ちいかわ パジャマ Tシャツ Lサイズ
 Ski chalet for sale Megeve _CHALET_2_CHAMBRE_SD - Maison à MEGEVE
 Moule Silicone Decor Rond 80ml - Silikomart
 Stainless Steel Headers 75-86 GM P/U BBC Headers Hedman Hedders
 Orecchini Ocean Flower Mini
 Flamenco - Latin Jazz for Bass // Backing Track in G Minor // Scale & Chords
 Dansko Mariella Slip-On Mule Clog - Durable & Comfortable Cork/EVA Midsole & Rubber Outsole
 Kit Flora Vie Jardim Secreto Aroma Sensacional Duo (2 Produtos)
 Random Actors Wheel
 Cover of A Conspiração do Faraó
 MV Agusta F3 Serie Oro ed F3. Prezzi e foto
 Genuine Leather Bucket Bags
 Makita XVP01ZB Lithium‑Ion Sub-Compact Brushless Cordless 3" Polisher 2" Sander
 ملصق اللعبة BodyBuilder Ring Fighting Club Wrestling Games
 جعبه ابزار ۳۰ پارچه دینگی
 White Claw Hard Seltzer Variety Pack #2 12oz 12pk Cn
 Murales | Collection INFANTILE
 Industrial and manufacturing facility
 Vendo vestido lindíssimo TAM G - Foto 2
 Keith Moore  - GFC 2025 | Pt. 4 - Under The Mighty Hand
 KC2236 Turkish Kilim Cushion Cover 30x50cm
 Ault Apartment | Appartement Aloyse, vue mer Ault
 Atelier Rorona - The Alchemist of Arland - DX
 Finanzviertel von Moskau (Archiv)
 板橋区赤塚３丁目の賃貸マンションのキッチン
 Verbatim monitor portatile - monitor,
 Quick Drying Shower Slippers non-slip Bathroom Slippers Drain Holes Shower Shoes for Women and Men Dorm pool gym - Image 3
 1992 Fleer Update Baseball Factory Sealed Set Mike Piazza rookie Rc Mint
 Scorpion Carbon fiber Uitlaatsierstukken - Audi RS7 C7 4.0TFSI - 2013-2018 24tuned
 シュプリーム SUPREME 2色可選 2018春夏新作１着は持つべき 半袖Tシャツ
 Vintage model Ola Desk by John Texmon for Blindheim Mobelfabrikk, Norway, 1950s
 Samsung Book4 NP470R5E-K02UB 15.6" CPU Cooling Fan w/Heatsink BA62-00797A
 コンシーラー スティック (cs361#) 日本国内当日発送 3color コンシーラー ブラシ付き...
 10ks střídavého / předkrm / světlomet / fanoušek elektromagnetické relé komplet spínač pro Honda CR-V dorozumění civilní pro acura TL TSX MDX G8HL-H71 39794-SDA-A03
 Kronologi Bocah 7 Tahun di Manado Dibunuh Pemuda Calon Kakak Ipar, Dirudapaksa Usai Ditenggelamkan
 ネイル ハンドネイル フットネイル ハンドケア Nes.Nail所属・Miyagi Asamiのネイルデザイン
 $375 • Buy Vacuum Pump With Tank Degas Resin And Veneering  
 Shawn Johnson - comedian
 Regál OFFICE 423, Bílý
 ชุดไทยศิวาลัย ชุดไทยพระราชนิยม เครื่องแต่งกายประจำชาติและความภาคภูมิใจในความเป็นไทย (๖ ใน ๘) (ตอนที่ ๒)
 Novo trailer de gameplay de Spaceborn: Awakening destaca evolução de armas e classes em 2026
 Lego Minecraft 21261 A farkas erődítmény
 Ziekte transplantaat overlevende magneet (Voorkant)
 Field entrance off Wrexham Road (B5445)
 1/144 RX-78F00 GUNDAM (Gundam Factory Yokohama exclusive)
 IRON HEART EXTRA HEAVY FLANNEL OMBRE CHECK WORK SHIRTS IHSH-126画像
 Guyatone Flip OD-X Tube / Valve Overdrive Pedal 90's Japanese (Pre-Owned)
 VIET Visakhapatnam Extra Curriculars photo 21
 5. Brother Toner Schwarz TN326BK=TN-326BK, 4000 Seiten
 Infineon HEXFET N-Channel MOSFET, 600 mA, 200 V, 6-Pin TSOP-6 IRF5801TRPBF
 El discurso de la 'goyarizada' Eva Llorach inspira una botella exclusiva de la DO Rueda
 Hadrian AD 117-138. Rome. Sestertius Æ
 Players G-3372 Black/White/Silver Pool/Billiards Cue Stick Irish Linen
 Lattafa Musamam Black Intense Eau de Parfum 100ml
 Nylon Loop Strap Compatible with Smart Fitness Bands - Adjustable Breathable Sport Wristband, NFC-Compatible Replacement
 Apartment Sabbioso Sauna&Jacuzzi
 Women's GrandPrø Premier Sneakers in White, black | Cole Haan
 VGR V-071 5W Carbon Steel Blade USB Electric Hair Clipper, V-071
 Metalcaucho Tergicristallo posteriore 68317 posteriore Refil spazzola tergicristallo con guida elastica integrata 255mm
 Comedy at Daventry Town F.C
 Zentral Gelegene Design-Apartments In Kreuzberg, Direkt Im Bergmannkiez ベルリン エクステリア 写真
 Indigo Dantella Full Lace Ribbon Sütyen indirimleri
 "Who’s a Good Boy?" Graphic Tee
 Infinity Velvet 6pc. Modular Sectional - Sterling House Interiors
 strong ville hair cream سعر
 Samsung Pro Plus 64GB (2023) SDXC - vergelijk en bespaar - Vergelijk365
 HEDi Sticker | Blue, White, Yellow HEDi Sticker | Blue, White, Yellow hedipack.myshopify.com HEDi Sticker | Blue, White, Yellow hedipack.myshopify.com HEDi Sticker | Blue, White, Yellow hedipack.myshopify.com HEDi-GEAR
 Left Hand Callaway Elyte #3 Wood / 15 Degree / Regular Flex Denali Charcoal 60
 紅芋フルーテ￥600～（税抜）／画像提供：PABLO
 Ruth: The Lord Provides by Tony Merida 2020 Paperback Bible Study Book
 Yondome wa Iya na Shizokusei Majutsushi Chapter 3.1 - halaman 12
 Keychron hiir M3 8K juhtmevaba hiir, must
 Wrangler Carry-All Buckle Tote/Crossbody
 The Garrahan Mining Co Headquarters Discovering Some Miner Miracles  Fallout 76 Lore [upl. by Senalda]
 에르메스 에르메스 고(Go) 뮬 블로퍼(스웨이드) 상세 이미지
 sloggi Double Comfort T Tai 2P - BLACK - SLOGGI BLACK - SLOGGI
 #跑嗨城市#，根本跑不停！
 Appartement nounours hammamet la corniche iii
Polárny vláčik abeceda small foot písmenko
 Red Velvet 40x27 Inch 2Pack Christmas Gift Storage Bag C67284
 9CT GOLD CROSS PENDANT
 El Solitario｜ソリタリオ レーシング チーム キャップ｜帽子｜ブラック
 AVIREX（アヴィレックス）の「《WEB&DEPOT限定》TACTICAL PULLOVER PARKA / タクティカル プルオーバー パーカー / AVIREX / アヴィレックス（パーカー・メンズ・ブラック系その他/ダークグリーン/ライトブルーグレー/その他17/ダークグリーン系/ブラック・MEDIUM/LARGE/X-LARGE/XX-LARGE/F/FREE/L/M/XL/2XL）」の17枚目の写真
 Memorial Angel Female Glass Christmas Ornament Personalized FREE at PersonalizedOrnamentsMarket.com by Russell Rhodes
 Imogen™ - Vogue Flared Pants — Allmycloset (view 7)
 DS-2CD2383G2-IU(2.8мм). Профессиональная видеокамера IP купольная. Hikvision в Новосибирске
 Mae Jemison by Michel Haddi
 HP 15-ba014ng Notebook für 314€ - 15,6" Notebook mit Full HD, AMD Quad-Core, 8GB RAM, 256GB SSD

● **Work order**: Return every line from the entries above that contains the word "Steel".

● **Written solution**:
 Stainless Steel Headers 75-86 GM P/U BBC Headers Hedman Hedders
 VGR V-071 5W Carbon Steel Blade USB Electric Hair Clipper, V-071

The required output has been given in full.